La frase è una citazione dal poeta romano Orazio (Quinto Orazio Flacco), tratta dalla sua opera Ars Poetica (Epistola ai Pisoni), verso 173:: "...difficiles, queruli, laudatores temporis acti se puero... (…difficili, lamentosi, lodatori del tempo passato quando erano giovani...)".

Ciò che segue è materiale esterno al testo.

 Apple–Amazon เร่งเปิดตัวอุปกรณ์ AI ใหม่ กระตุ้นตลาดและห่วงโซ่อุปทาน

Ho due sentimenti sul tema.
Il primo, applicato agli aspetti personali ed intimi. Giorni fa, ero con i miei compagni di scuola del Liceo e in queste occasioni avere una visione nostalgica ci sta assolutamente e scalda il cuore. Ci sono momenti in cui vale quanto ben espresso in una parola in francese “retrouvailles", che si traduce in italiano - ma è meno efficace - com “ritrovarsi”. Perché “retrouvailles” è più preciso e caldo davvero “il momento gioioso del ritrovarsi con qualcuno dopo tanto tempo”. In italiano non esiste un termine unico con la stessa musicalità e carica emotiva.
Viceversa, in politica ed è il secondo punto, fatta salva la Storia e le radici ideali e valoriali, mai bisogna essere passatisti ed elogiare il passato tingendo tutto di rosa, sforzandosi invece di essere saldamente ancorati al presente e con l’impegno e la necessità di guardare al futuro.
Con l’intento ben espresso da Antoine de Saint-Exupéry: “Quanto al futuro, il tuo compito non è prevederlo, ma renderlo possibile”.
Già, perché di questi tempi l’orizzonte è oggettivamente tempestoso e se non deve esserci un eccesso di ottimismo retroattivo, considero altrettanto criticabile l’eccesso di euforia per l’avvenire.
Il realismo delle difficoltà e impostare le cose per tempo, sapendo dell’alea di’ indeterminatezza, mi sembra il miglior viatico.
Come si può non citare Victor Hugo e il suo noto ammonimento:”L’avvenire ha molti nomi: per i deboli, significa l’irraggiungibile; per i timorosi, significa l’ignoto; per i coraggiosi, significa opportunità”.